Setting the frame
Setting the frame for feeling strong. For feeling empowered, in control.
Sky dark. Still. Dead quiet, except for the light mechanical sounds of the solid lifters. No one in sight. It’s late. Opportunity. I breathe in, feeling cool air passing through me. I taste metal. Light sweat on my hands as my heart slips into quick-time. Power about to be released.
No one in sight. The light turns yellow for the cross traffic. I push in the clutch. Move the lever into first.
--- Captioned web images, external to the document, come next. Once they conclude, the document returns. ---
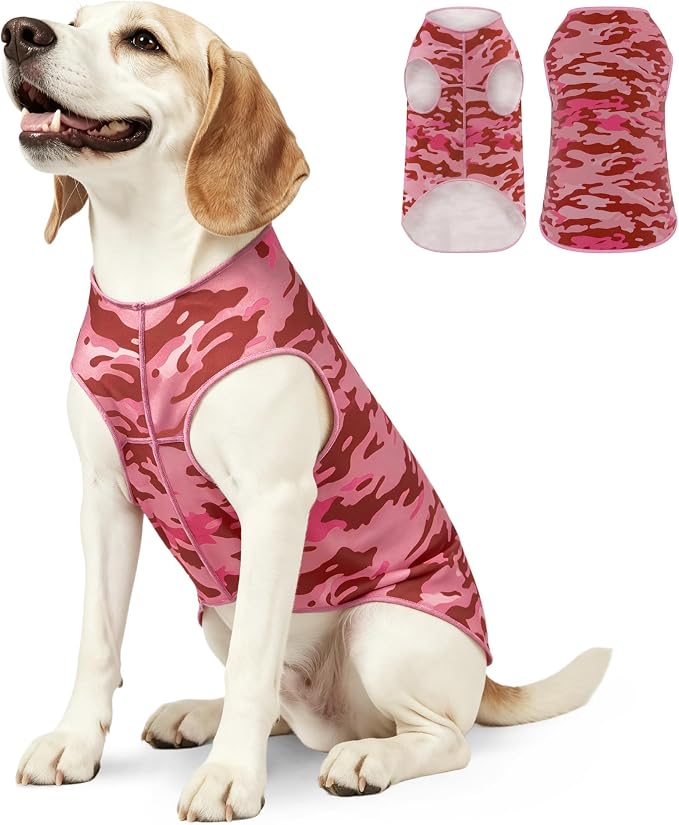 YUDODO Lightweight Dog Shirts, Stretchy Dog Tank Tops, Soft Pet Vest | Skin-Friendly, Breathable, Sleeveless, All Season Dog Clothes, For Small Medium Dogs, Pink Camo, XL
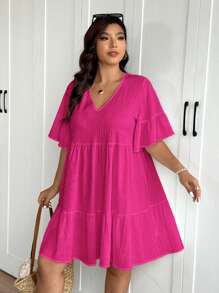 SHEIN Frenchy Plus Size Casual Vacation Textured Plaid V-Neck Loose Babydoll A-Line Dress,Summer Dresses For Women,Dresses Casual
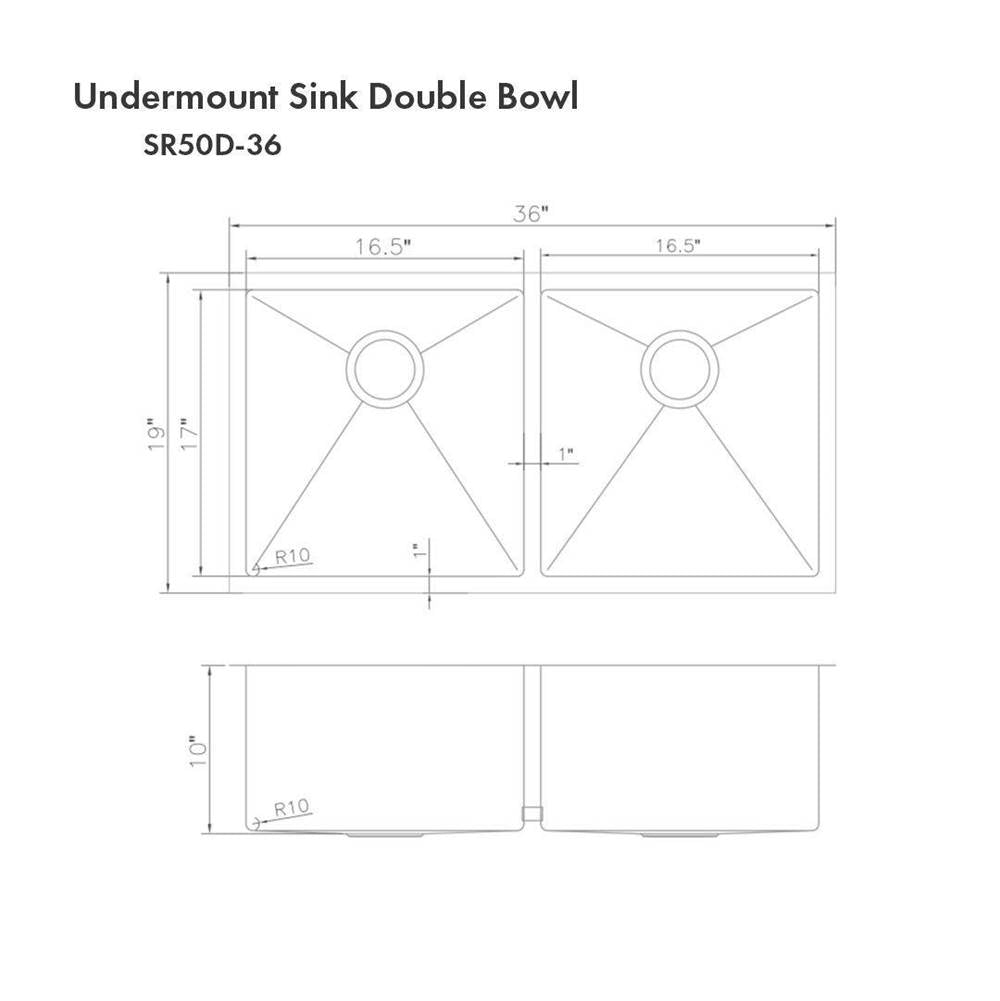 Anton 36'' Undermount Double Bowl Sink in Stainless Steel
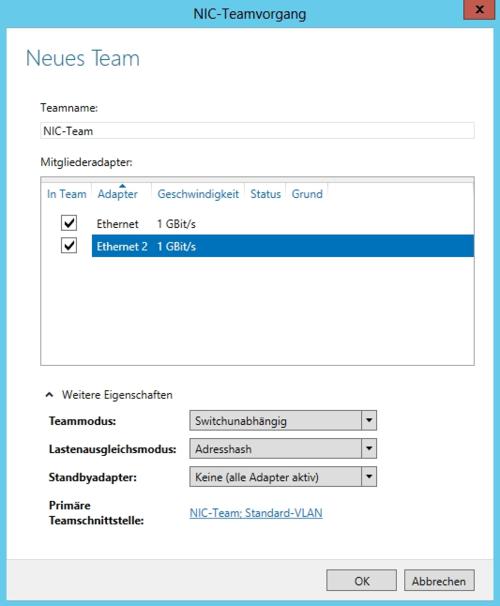 Auch in Hyper-V können Sie virtuelle Netzwerkteams erstellen um die Leistung und Verfügbarkeit zu verbessern. (c) Thomas Joos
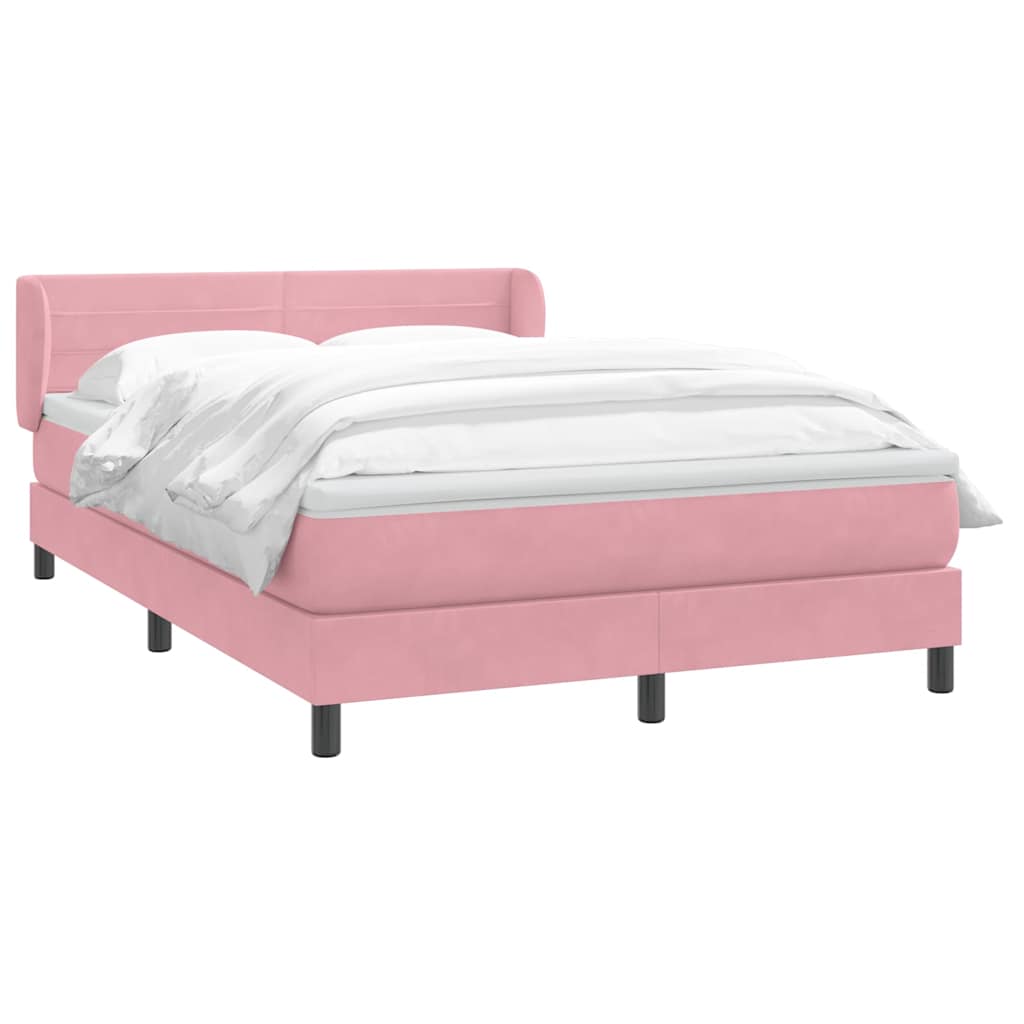 Boxspring met matras fluweel roze 160x210 cm is nu te koop bij PeponiXL, paradijselijk wonen!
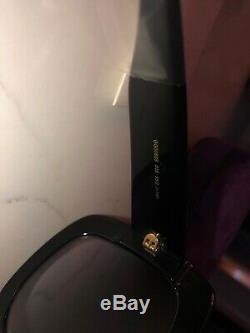 Gucci GG0083S 008 54mm Oversized Square Black Women Sunglasses New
The light turns green. I push the pedal through the floor and dump the clutch. Sideways for a moment as both rear tires smoke, catch and throw us forward. Tach hits seven grand. I slam the lever into second. Sideways again for a moment as torque meets pavement. I feel the adrenaline now as the tach sweeps to redline. There!I slam the lever into third, smelling the abuse on the tires. The hood rises again as they grip, throwing me back into the seat. God,I love that feeling. The mechanical scream of the small-block. The violence of unmuffled exhaust. Bam. I pull the chrome ball atop the shifter hard into fourth. Only small complaint from the rubber this time, as the torque falls off. Right foot still hard on the floor. We’re flying now, eating blacktop whole, like a shark swallows its prey.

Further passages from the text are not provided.